DATA SHOWN ::
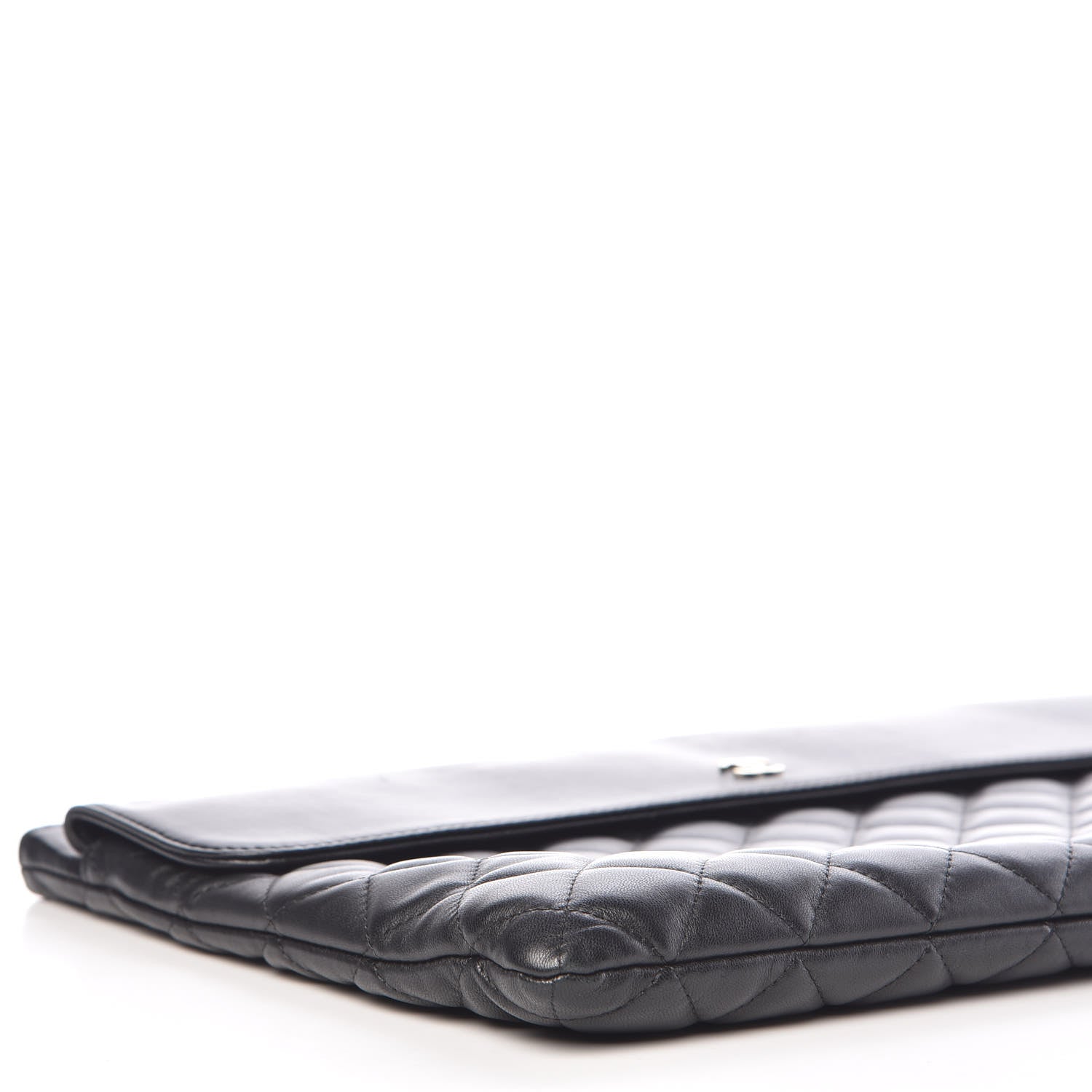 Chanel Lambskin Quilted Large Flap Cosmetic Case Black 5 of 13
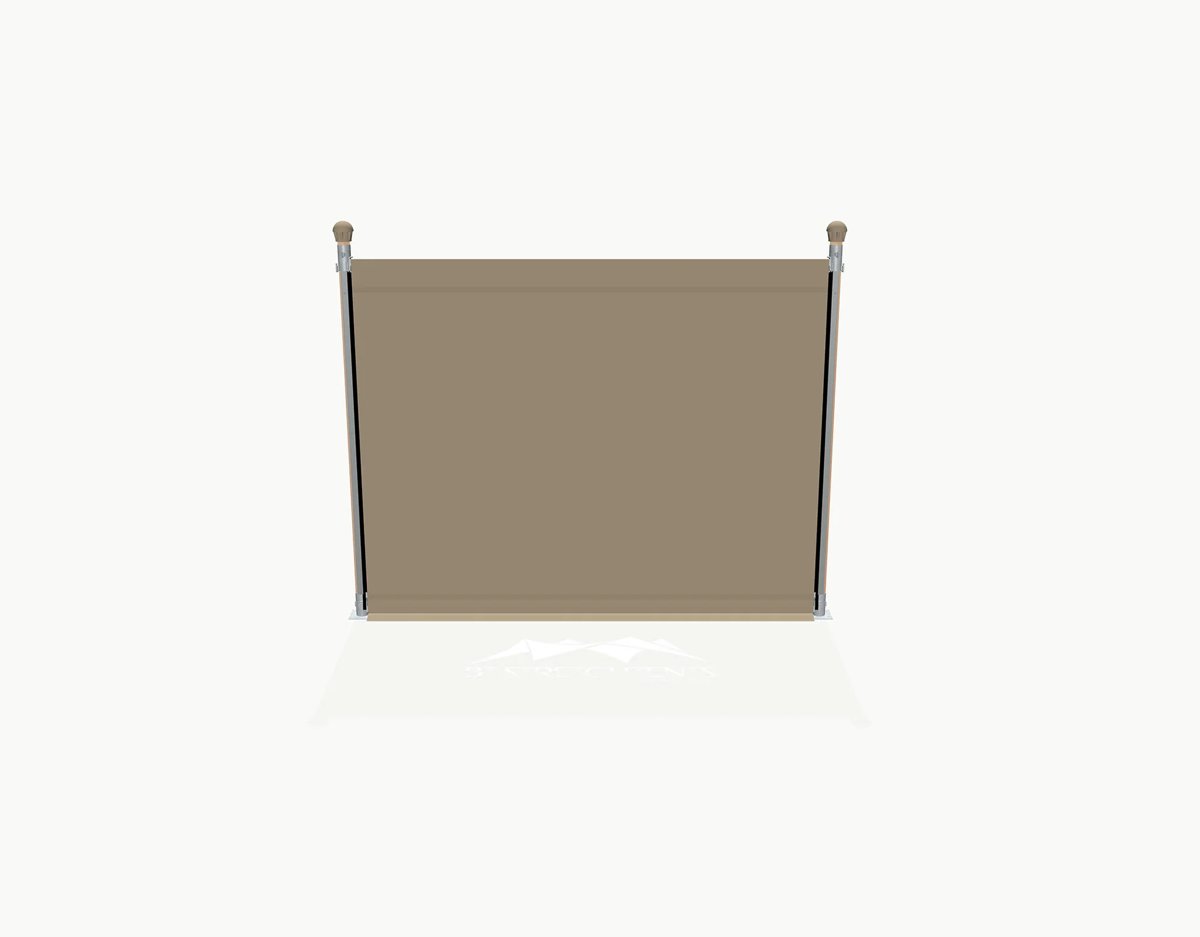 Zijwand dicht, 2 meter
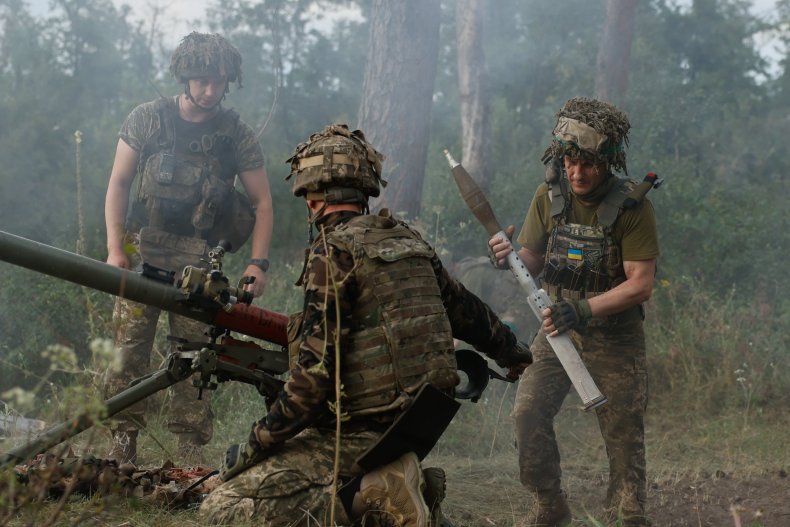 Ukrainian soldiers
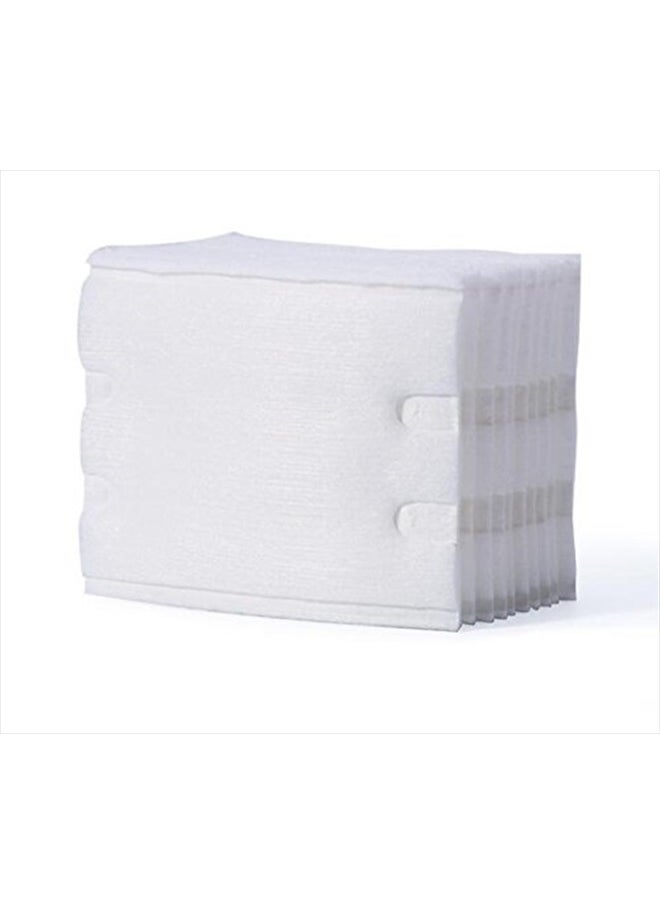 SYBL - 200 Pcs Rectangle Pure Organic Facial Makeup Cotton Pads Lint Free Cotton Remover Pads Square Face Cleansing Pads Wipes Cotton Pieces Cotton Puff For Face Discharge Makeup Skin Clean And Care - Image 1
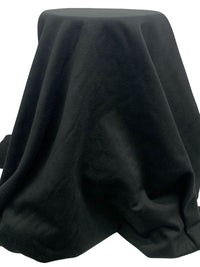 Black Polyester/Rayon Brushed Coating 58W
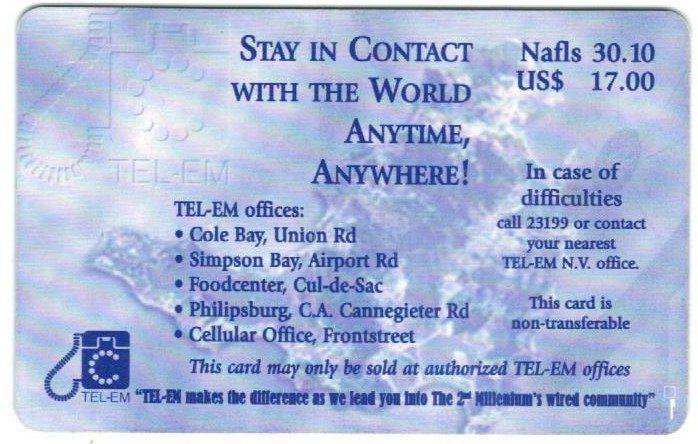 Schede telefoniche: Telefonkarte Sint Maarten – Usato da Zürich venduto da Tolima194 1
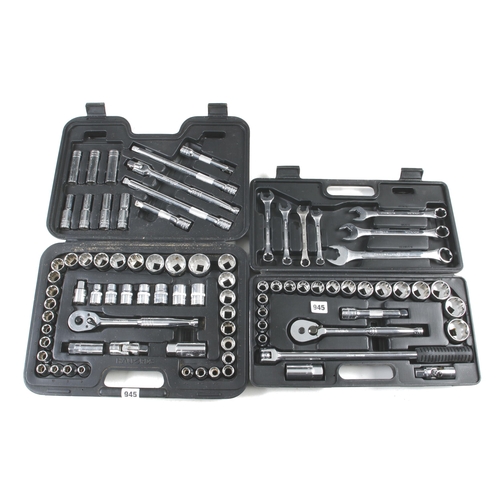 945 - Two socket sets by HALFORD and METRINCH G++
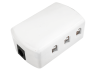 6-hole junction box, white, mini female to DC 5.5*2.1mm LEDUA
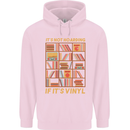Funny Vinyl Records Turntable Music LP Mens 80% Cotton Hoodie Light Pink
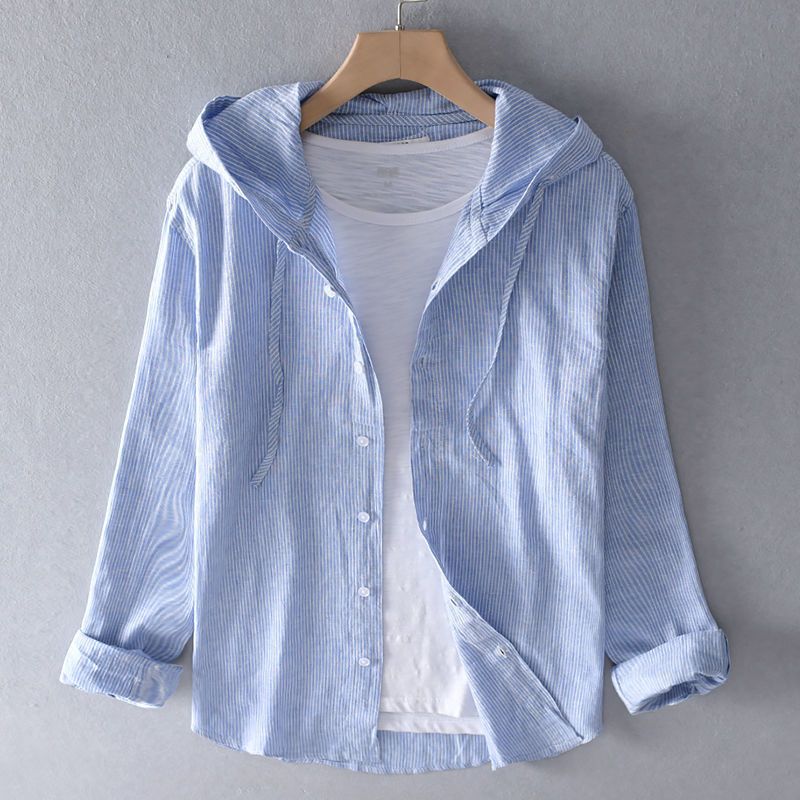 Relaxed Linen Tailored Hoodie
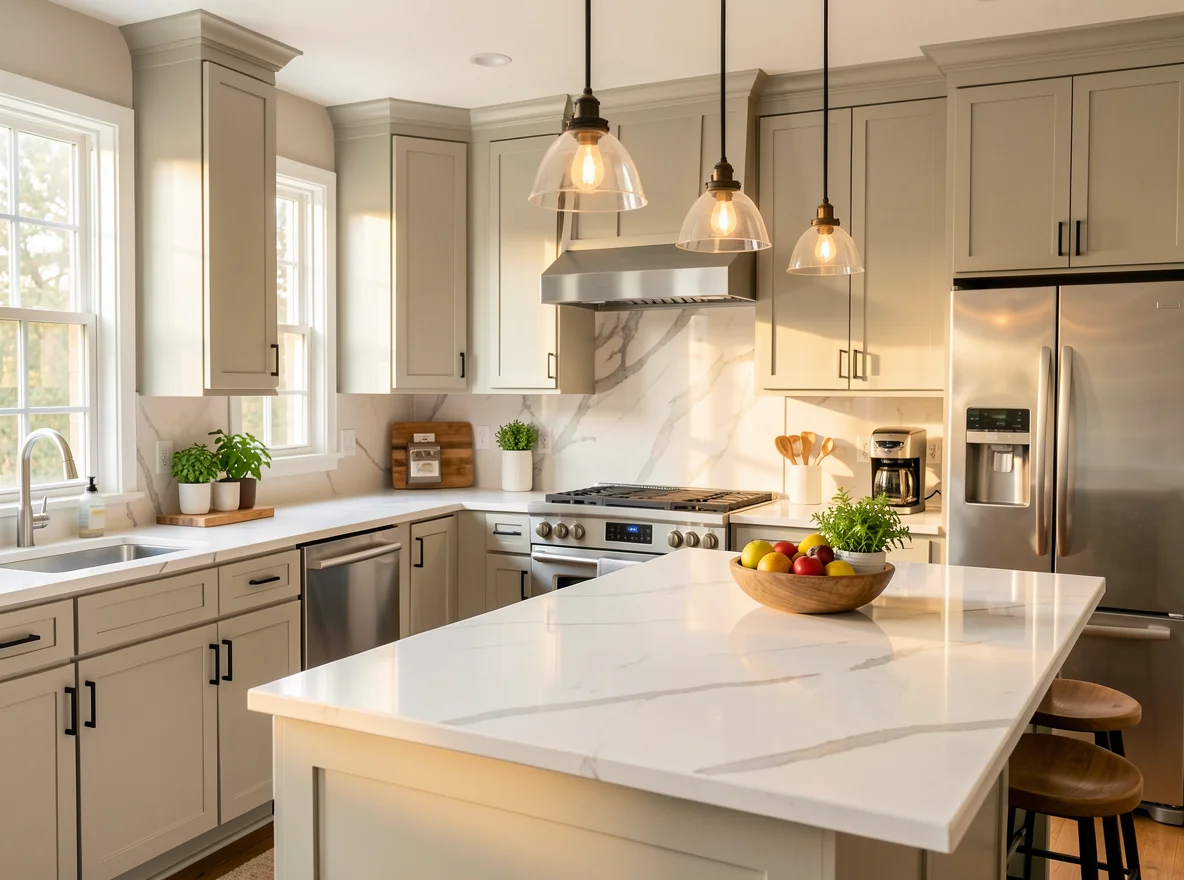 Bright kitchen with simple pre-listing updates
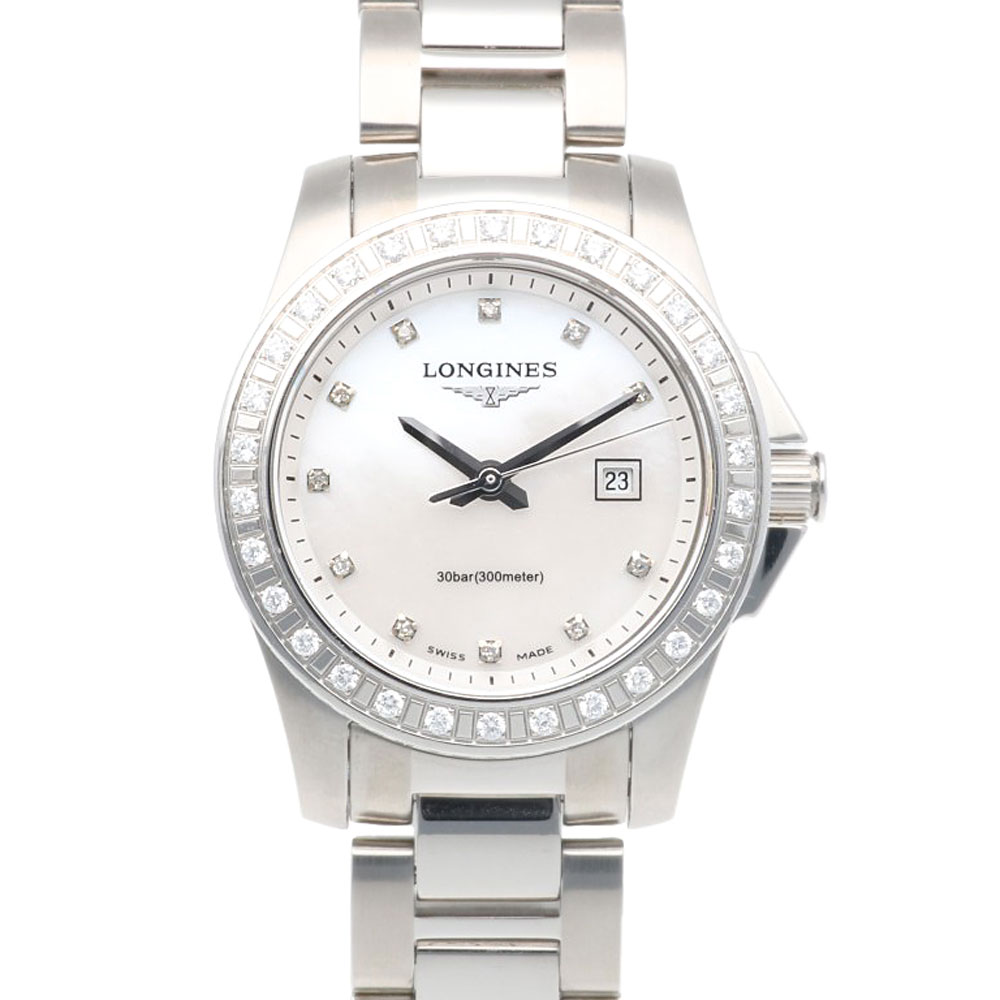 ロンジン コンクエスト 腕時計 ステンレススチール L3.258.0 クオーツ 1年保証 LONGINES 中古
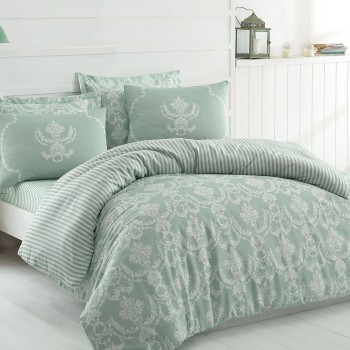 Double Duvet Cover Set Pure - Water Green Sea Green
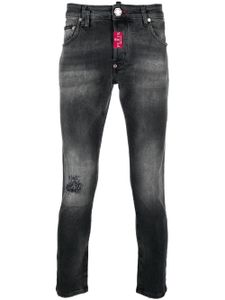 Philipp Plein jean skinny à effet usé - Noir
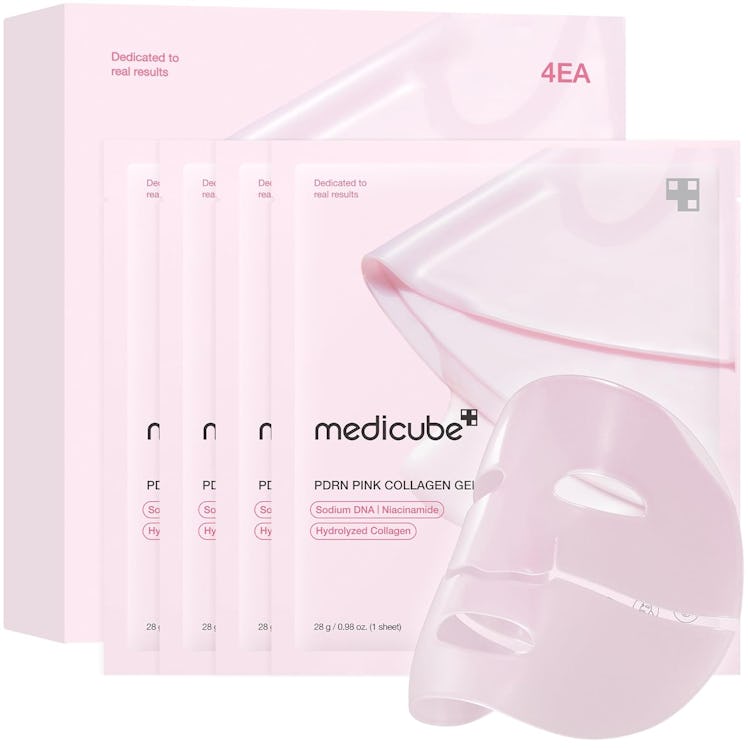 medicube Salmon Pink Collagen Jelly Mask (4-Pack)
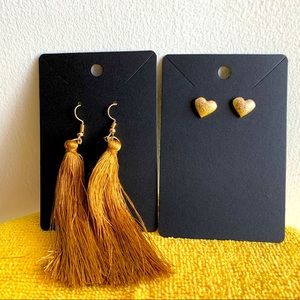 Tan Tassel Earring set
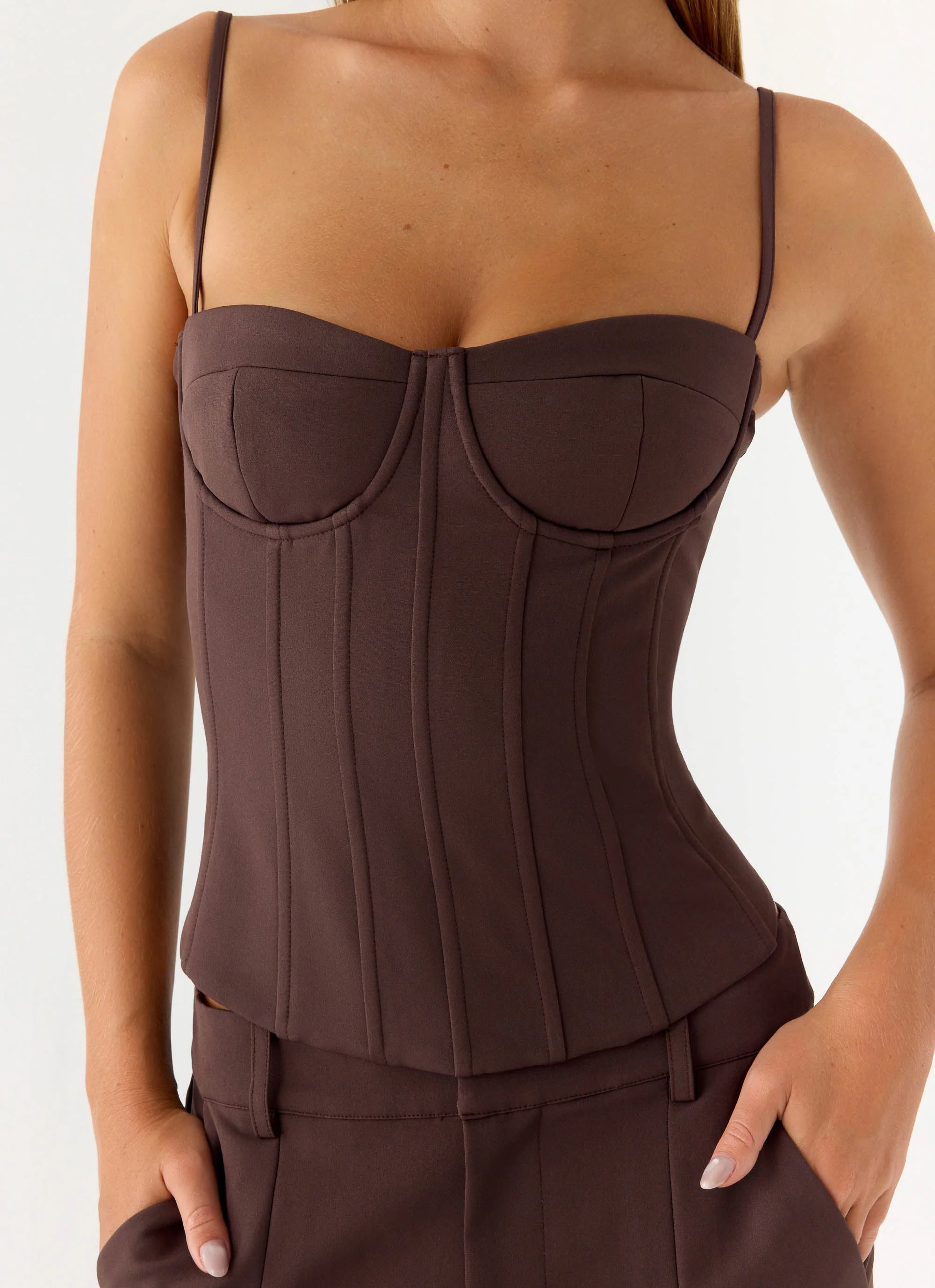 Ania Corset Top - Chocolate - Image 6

WHAT YOU ARE ASKED TO DO :: Without the pictures, retype exactly the lines from the one that holds "6-hole junction box, white, mini" to the last line of the data above, both of them included.

TASK RESPONSE ::
 6-hole junction box, white, mini female to DC 5.5*2.1mm LEDUA
Funny Vinyl Records Turntable Music LP Mens 80% Cotton Hoodie Light Pink
 Relaxed Linen Tailored Hoodie
 Bright kitchen with simple pre-listing updates
 ロンジン コンクエスト 腕時計 ステンレススチール L3.258.0 クオーツ 1年保証 LONGINES 中古
 Double Duvet Cover Set Pure - Water Green Sea Green
 Philipp Plein jean skinny à effet usé - Noir
 medicube Salmon Pink Collagen Jelly Mask (4-Pack)
 Tan Tassel Earring set
 Ania Corset Top - Chocolate - Image 6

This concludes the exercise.